2013-05-11 Thread Joseph Schaefer
Frankly I find the notion that the board will do a better job of MENTORING
these projects than the IPMC to be batshit insane, but that's just me.
We need manpower, and there is plenty of that available amongst the competent
volunteers who actively participate in these projects.  Let's just do
what's easiest for once and promote these folks to the IPMC in order
to get the job done right.  It's a proven model that we need to stop
fighting.



On May 11, 2013, at 10:26 AM, ant elder ant.el...@gmail.com wrote:

 Actually I wasn't thinking it would be you Benson who talked to the
 board. There are several directors here including a couple on this
 thread who've said they support trying this so i thought they could
 bring it up informally at the upcoming meeting just to get us an idea
 if this is something the board would entertain at all.
 
 I agree with you that there are a lot of details that would need to be
 worked out, but right now it doesn't look like anyone is doing that
 work so getting some feedback from the board, even if its just maybe
 but we need more details, could help motivate getting that work done
 and coming up with a complete proposal. If the board sounded
 interested i'd help getting to that and it sounds like there are a few
 others here who would too.
 
 I also agree that there isn't consensus in the Incubator PMC to do
 this, but I'm not sure we need it. If we come up with a process and
 proposal that the board is happy with and poddlings to be guinea pigs
 then we don't really need a unanimous Incubator PMC vote to go ahead.

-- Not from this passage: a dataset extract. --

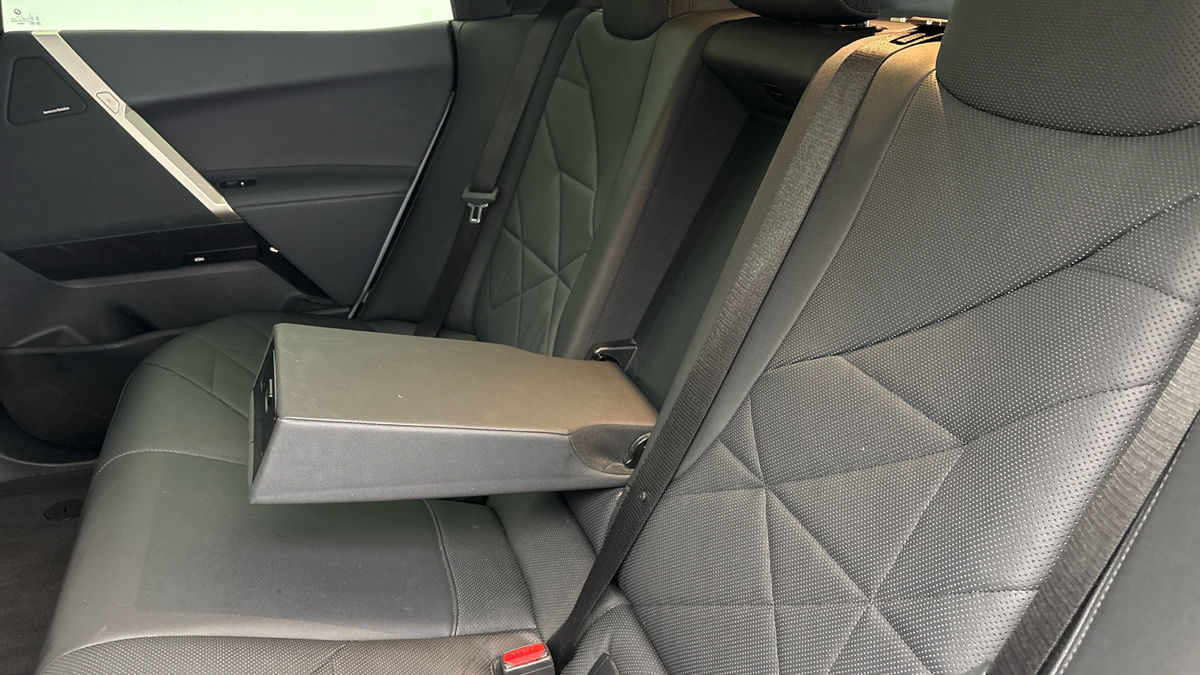 BMW iX Image 9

 And its just an experiment, so its a much more gentle approach than
 the other big bang changes being proposed.
 
 So what does anyone else think, is this worth trying? Greg
 specifically, you were keen we try this earlier on in the thread so is
 this something you could get us some feedback from the board about?
 
   ...ant
 
 On Sat, May 11, 2013 at 1:40 PM, Benson Margulies bimargul...@gmail.com 
 wrote:
 
 I'm not going to ask the May board meeting anything. There's no
 consensus of this community on 'probationary projects', and, more to
 the point, there are a host of details required to make that a viable
 proposal and no one has filled them in. As I wrote in the report, I
 plan to have a discussion with the board in June if we aren't making
 progress.
 
 A real experiment with 'probationary projects' would have to model the
 entire process of a new project launching with  _no IPMC_ to
 participate in any way. Taking a proposal that has been groomed and
 vetted at the IPMC and then launching the resulting project to the
 board is purely an experiment in board supervision. I'm not going to
 bring the board a proposal to increase their workload based on my
 personal judgement, and there's no consensus here, today, that it's a
 good idea, since there are several people who are eloquently opposed.
 
 My personal thought is this: new project creation is not a 'project',
 it's a function of the Foundation. If the committee currently
 constituted by the board to handle this isn't working well enough, and
 can't agree on what to do, it is an issue for the board to consider.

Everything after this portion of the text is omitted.